Practical guidelines for PMs
- Don't advertise context window size as a feature. Users don't care that your model supports 128K tokens. They care that the AI remembers their project name from yesterday.
- Design memory as a first-class feature. If your product needs multi-session memory, build it explicitly. Don't rely on the context window to do double duty as a memory system.
- Instrument your token usage. Log the token count for every API call: system prompt, context, history, completion. You cannot optimize what you don't measure.
- Set expectations in the UX. If the AI will forget things, tell the user. "I can see the last 10 messages" is better than silently losing context and giving a confused response.
- Test at the boundaries. Don't just test with 3-turn conversations in staging. Test with 50-turn conversations. Test with 20-page documents injected as context. The failure modes only appear at the edges.
The future: Is infinite context coming?
Google's Gemini already offers 1M+ token context windows. Research into more efficient attention mechanisms (sparse attention, linear attention, ring attention) continues to push the boundaries. But infinite context doesn't mean infinite memory. Even with a 10M token window, the lost-in-the-middle problem persists, and the cost scales linearly at best.

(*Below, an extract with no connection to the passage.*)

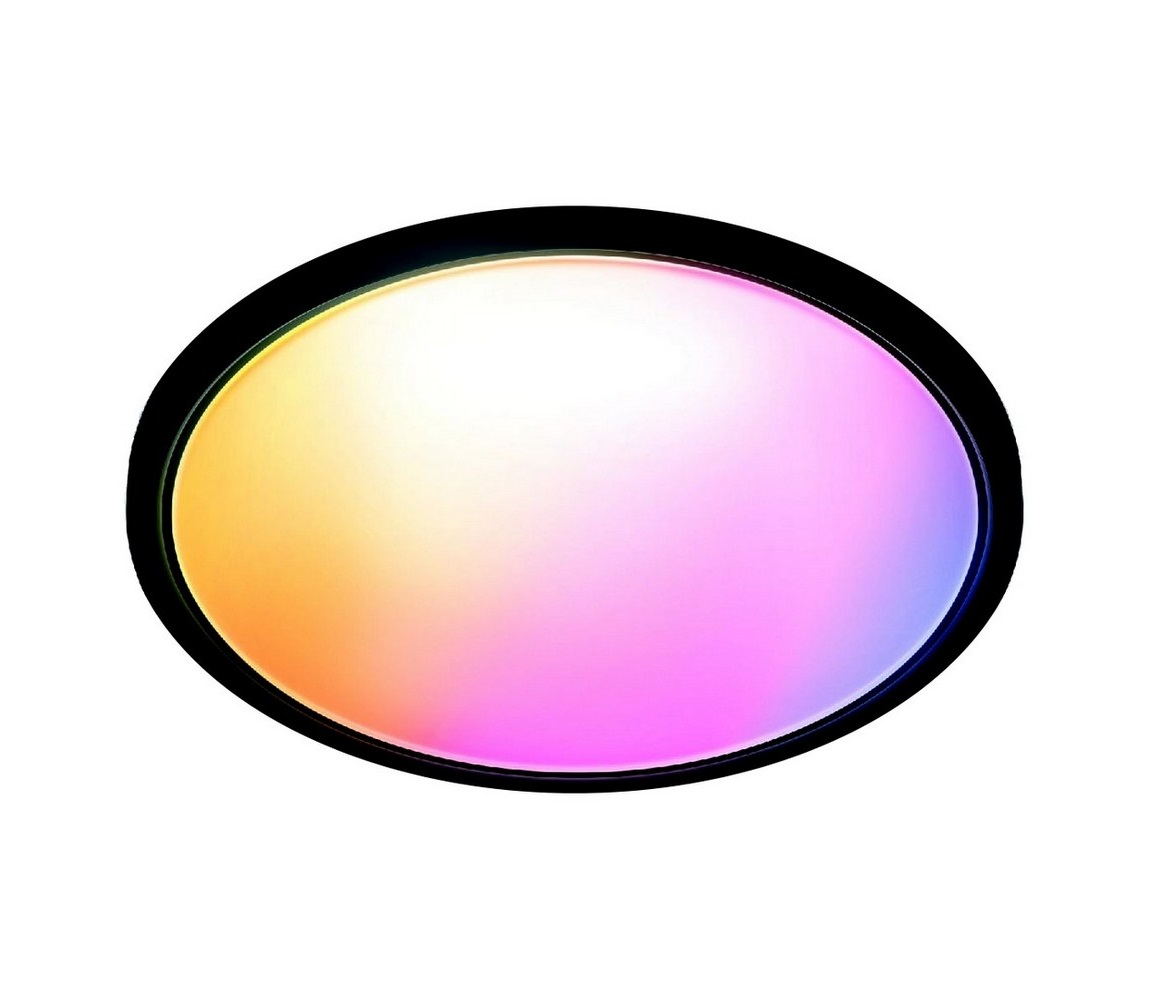 WiZ - LED RGB Plafon ściemnialny SUPERSLIM LED/22W/230V Wi-Fi czarny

The more likely future is hybrid architectures: large context windows for immediate recall, combined with persistent memory stores for long-term knowledge, and RAG for grounding in external data. The products that get this right—that make AI feel like it truly remembers—will win.
RAG (Retrieval)
Fetch relevant docs at query time. Best for large, changing knowledge bases.
Summarization
Compress conversation history into summaries. Best for long-running sessions.
Sliding Window
Keep only recent N tokens. Simple but loses early context.
Hybrid Memory
Combine approaches: recent window + summarized history + RAG for facts.